Military News

Monday, August 10, 2015

Deployed husband's wife finds strength within squadron

by Airman 1st Class Cary Smith
31st Fighter Public Affairs


8/7/2015 - AVIANO AIR BASE, Italy  -- A woman sits in a crowded conference room with her baby girl curled up in her arms and a six-year-old son on her lap. The room is filled with family members learning what their Airmen do at the 31st Munitions Squadron.

On the day Anna Bledsoe, wife of U.S. Air Force Staff Sgt. Troy Bledsoe, toured the squadron, she sat through a brief and looked at munitions equipment without her husband by her side. He, like many of the 31 MUNS Airmen that day, was deployed.

Through eight years of marriage, Mrs. Bledsoe has discovered what helps her make it through re-locations and difficult experiences is a network of friends and community.

"My husband and I have been through a lot together during our marriage," said Anna. "Active spouses help provide a strong community during our time at a new base."

The Bledsoe's relationship began before he enlisted; and as high school sweethearts, the two realized they wanted to spend their lives together and start a family.

"We married after high school and we were soon off to our first base." said Anna. "We have been stationed in Arizona, England, Ohio, and my husband was stationed in South Korea for a year."

During that time, the family grew from two to four, which created new challenges by having to integrate themselves and their children to new surroundings.

Now stationed in Italy, Mrs. Bledsoe reflects on past assignments and the possibilities Aviano provides for her family.

"Italy is a new and different adventure," said Bledsoe. "I'm excited for us to see new places and immerse ourselves with other cultures."

She may be excited for new experiences, but the first deployment for her family has been challenging to adjust and overcome, especially for her son who depends on his parents for consistency.

"I wish my dad was here," said Bledsoe's son, Lane. "I'm happy we had my birthday before he left."

Lane walked outside with his mom after the briefing to get an up-close look at the type of equipment his father works with.

The 31 MUNS organized a family day for Airmen and families to better understand why they are in Italy and the importance of the squadron's success.

"Having an event like [family day] is important to show spouses what the Airmen do every day," said Master Sgt. Michael Clark, 31 MUNS maintenance armament back shop NCO in charge. "It is also important for the Airmen because events like this get families involved since they help carry a lot of the burden."

Anna stands outside with her little girl strapped to her and watches her son in the back of a truck where munitions are loaded for transportation. Finally for the first time, she is able to experience firsthand her husband's work.

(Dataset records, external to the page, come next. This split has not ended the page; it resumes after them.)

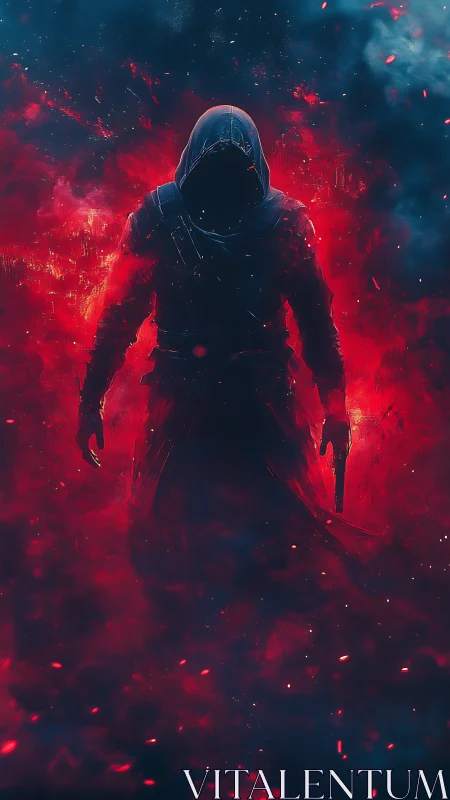 Hooded specter strides from crimson smoke and shadowed flame.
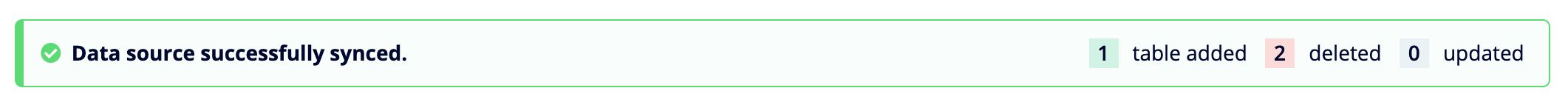 Successfully synced schema to add new table and delete two columns.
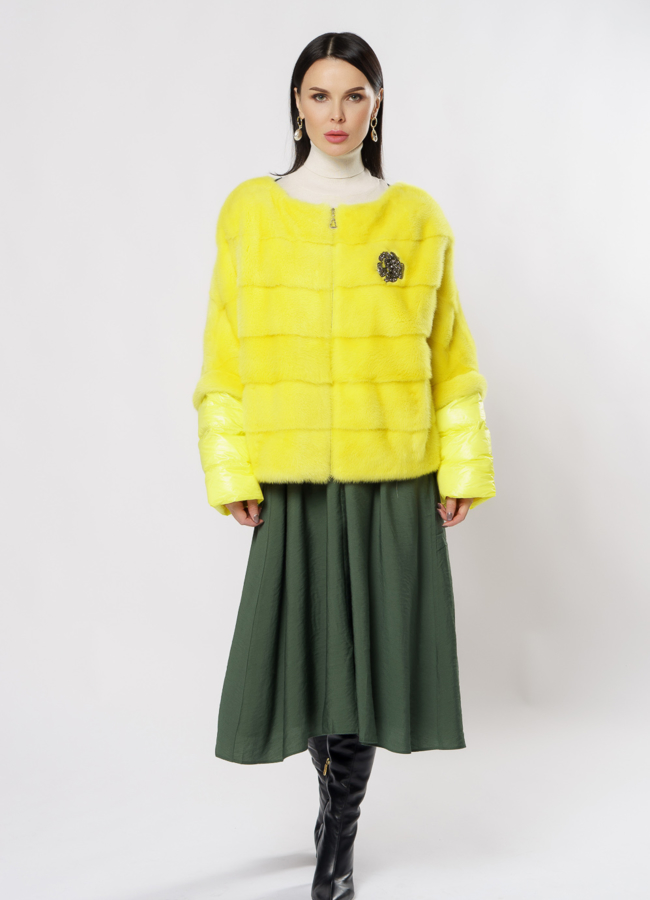 фото Куртка из норки желтого цвета на молнии модель № S-880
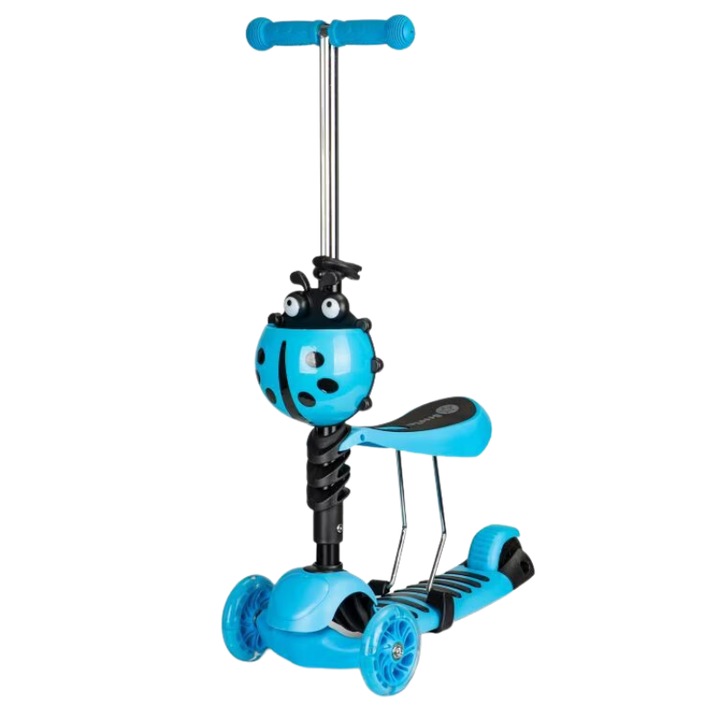 Trotineta 3 in 1 copii cu sezut, roti LED si cos Buburuza, ghidon reglabil 3 trepte, pliabila, max. 25 kg, 3 ani+, albastra [2]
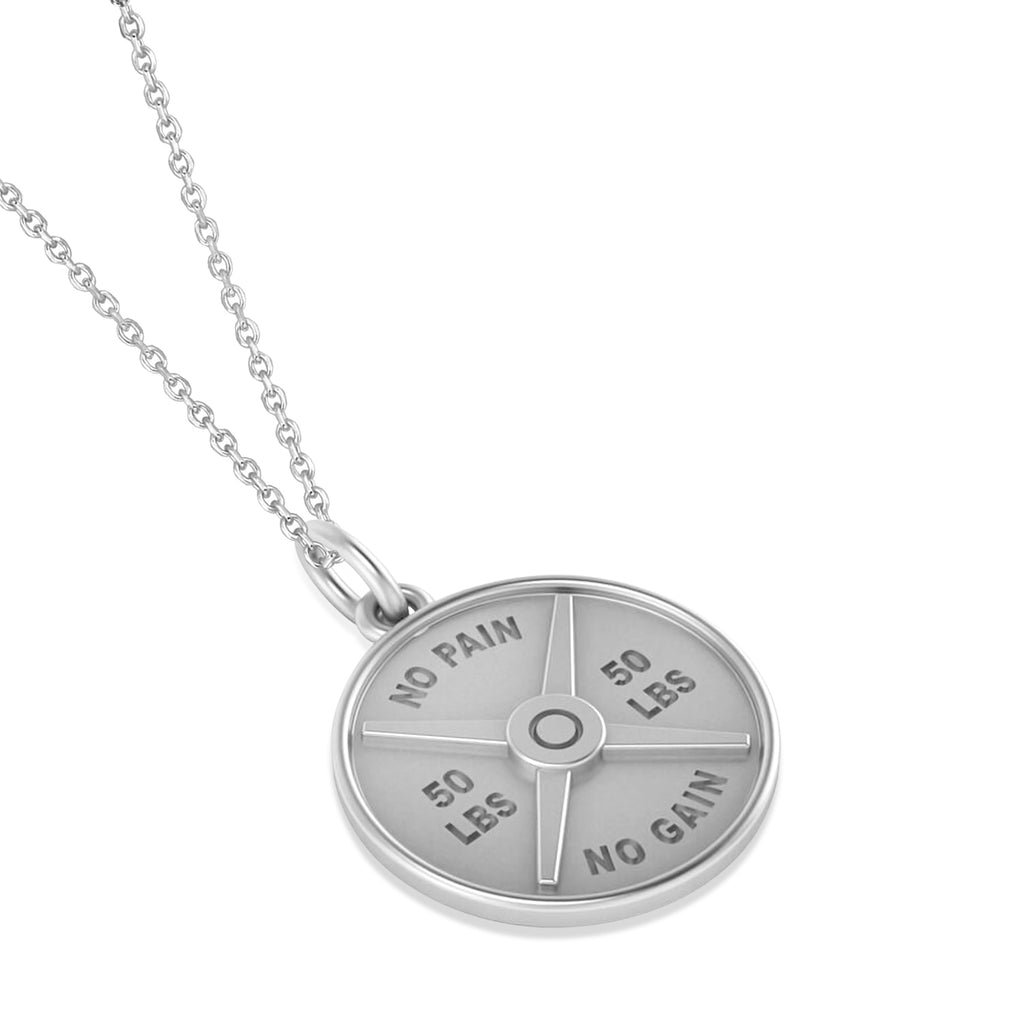 Weight Plate Charm Men's Pendant Necklace 14K White Gold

Families finished the day with a cookout after they toured different work stations and previewed duties munitions Airmen provide.

"This is the first base I have been to that has allowed spouses to come and see the work being done," said Anna. "The spouses here are very active and worked with the squadron to make this day happen."

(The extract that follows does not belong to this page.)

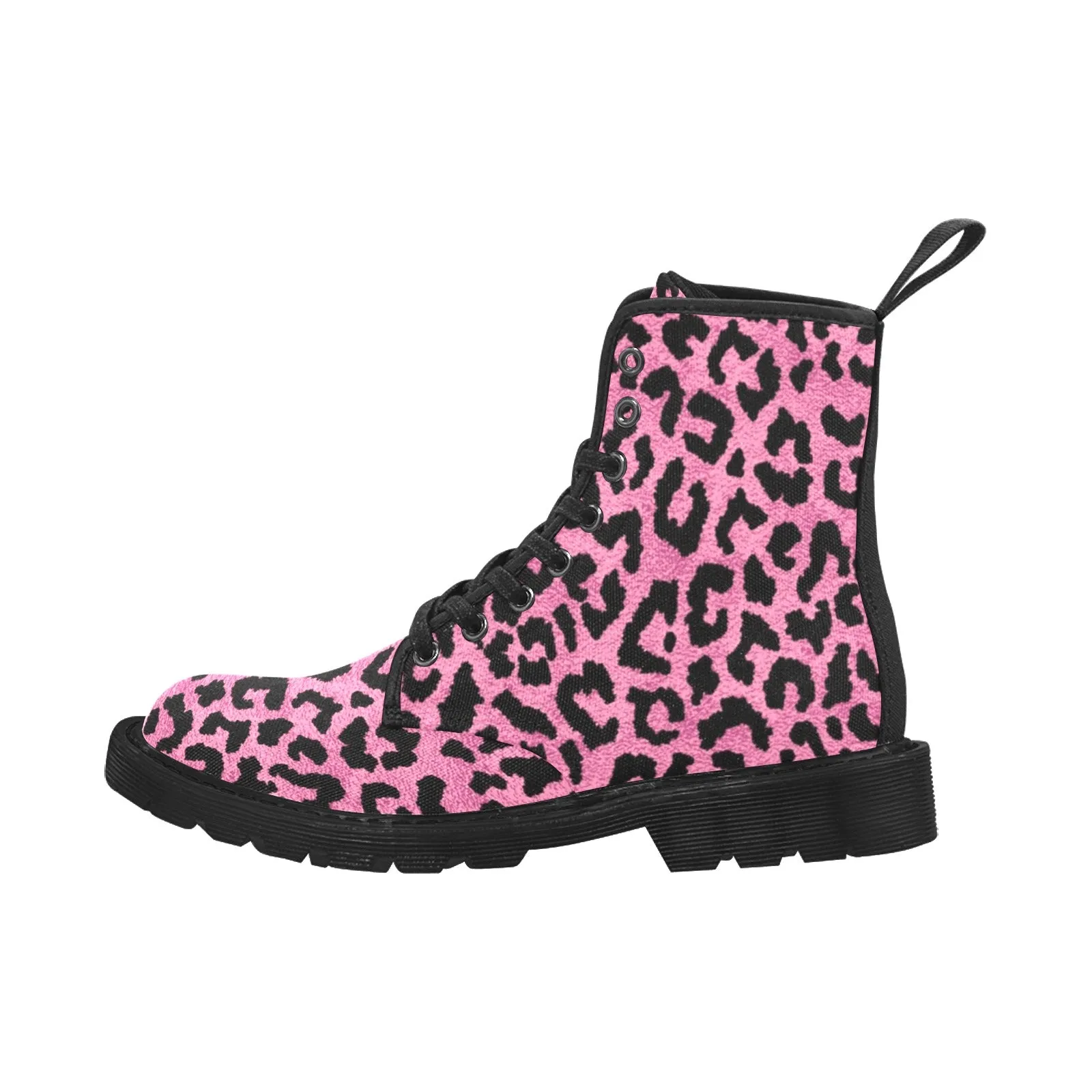 Pink Leopard Women's Boots, Animal Print Vegan Canvas Lace Up Shoes Black Cheetah Festival Army Ankle Combat Winter Casual Custom Gift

According to Anna, she has made friends with more spouses at Aviano than any other base. Having other families around helps keep her spirits up when weeks away from her husband seem long.

"Spouses here are really close and having this support is so good for my son too," said Anna.

Until Troy and other 31 MUNS Airmen return, family days and playdates are what the families have to look forward to each week.